If Iraq offered anything, it offered a lesson in political maturity. It taught me that good intentions matter a lot less than bad habits. It taught me that an organization was only as capable as its mid-level managers. It taught me that top-down directives don’t matter much without grassroots buy-in, and that grassroots agitation doesn’t matter much without systemic change. It taught me that politicians, business leaders, careerists, and hacks always tell the same story, the same story that always has the same happy ending, and it’s always some kind of a lie. It taught me that the real story was almost always about conflicting motives, miscommunication, greed, stupidity, and inertia. It taught me that the news back home almost always got the story wrong.

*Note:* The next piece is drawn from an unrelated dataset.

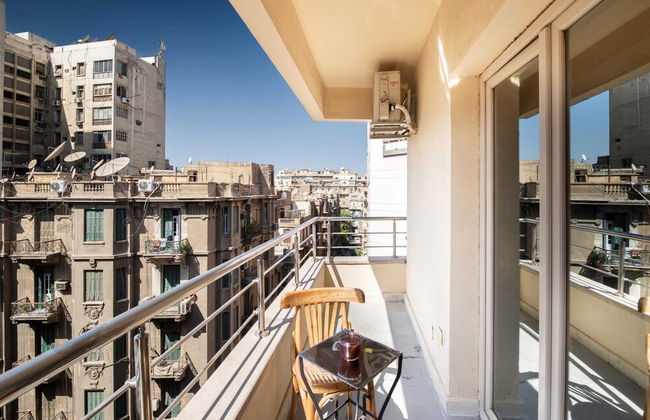 The Neat Nostalgic 2bdr Apt. @ Cairo's Downtown - Foto 33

On this Veterans Day, as American soldiers redeploy to Iraq, redeploy to Afghanistan, and now head for Syria, these reflections are much on my mind. They’re on my mind every time I read a new story about ISIS. They’re on my mind as I watch the presidential election. But most of all, over and above everything else, they’re on my mind when I think about global climate change.

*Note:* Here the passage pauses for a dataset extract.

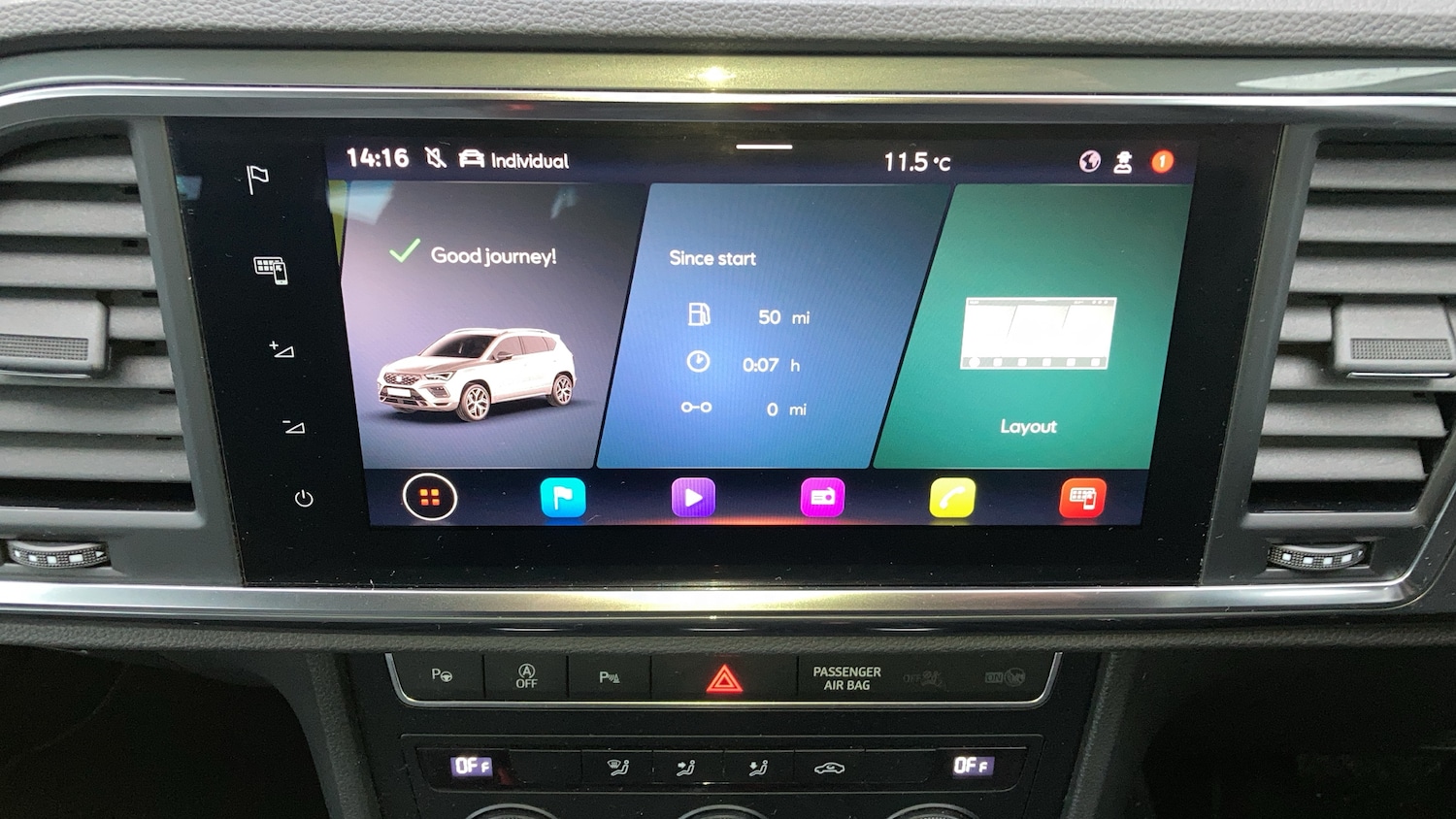 Used SEAT Ateca 2021 for sale - 76776334: Photo 15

Every day brings new reports of increasing temperatures, threatening storms, drought, forest fires, rising seas, melting ice sheets, and leaking methane. Along with these reports come increasingly alarming warnings from scientists, sober in their language but shocking in their content, suggesting that feedback mechanisms such as permafrost and ice sheet melt are already kicking in, arguing that observed warming is consistently outpacing modeled predictions, and confronting us with the possibility that it may well be too late stop global warming from spiraling out of control. Adding a frightening drumbeat to the news reports and scientists’ warnings are policy statements by the World Bank, the Bank of England, the U.S. Department of Defense, and the US Department of Homeland Security, all of which identify climate change as a clear and present danger to global economic and political security.
I traveled to the Arctic for The Nation this August, where I saw firsthand the drastic effects of global warming, but I needn’t have gone so far: living through yet another year that will almost certainly be the hottest year ever recorded, we can see global warming in the weather shifts happening all around us. We can see it in the California drought and the Syrian Civil War. We can see it next catastrophic flood or category five hurricane. All we need to do is open our eyes.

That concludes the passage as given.